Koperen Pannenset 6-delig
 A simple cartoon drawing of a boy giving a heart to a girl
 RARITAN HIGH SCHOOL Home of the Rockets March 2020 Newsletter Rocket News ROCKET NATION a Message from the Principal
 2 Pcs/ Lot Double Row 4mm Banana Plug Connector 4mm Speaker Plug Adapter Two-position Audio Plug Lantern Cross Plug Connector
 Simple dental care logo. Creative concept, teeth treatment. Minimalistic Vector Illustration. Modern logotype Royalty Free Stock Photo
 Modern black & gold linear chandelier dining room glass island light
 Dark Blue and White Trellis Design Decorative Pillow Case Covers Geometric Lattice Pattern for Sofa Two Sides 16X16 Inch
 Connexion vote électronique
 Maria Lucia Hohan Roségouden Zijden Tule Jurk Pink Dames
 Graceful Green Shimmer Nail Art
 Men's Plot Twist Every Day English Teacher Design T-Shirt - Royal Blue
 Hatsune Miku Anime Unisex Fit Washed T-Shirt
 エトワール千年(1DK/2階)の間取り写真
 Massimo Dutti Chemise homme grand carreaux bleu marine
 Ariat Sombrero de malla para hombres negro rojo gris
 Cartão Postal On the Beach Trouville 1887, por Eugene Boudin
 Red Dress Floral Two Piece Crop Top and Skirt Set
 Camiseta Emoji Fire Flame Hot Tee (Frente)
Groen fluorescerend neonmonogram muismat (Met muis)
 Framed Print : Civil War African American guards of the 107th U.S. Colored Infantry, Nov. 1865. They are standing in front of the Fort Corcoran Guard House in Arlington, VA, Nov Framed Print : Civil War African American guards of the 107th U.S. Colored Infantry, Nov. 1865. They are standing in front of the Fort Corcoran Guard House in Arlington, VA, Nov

*****

Reproduce every record above exactly as it is written.

* Answer to the exercise *
Koperen Pannenset 6-delig
 A simple cartoon drawing of a boy giving a heart to a girl
 RARITAN HIGH SCHOOL Home of the Rockets March 2020 Newsletter Rocket News ROCKET NATION a Message from the Principal
 2 Pcs/ Lot Double Row 4mm Banana Plug Connector 4mm Speaker Plug Adapter Two-position Audio Plug Lantern Cross Plug Connector
 Simple dental care logo. Creative concept, teeth treatment. Minimalistic Vector Illustration. Modern logotype Royalty Free Stock Photo
 Modern black & gold linear chandelier dining room glass island light
 Dark Blue and White Trellis Design Decorative Pillow Case Covers Geometric Lattice Pattern for Sofa Two Sides 16X16 Inch
 Connexion vote électronique
 Maria Lucia Hohan Roségouden Zijden Tule Jurk Pink Dames
 Graceful Green Shimmer Nail Art
 Men's Plot Twist Every Day English Teacher Design T-Shirt - Royal Blue
 Hatsune Miku Anime Unisex Fit Washed T-Shirt
 エトワール千年(1DK/2階)の間取り写真
 Massimo Dutti Chemise homme grand carreaux bleu marine
 Ariat Sombrero de malla para hombres negro rojo gris
 Cartão Postal On the Beach Trouville 1887, por Eugene Boudin
 Red Dress Floral Two Piece Crop Top and Skirt Set
 Camiseta Emoji Fire Flame Hot Tee (Frente)
Groen fluorescerend neonmonogram muismat (Met muis)
 Framed Print : Civil War African American guards of the 107th U.S. Colored Infantry, Nov. 1865. They are standing in front of the Fort Corcoran Guard House in Arlington, VA, Nov Framed Print : Civil War African American guards of the 107th U.S. Colored Infantry, Nov. 1865. They are standing in front of the Fort Corcoran Guard House in Arlington, VA, Nov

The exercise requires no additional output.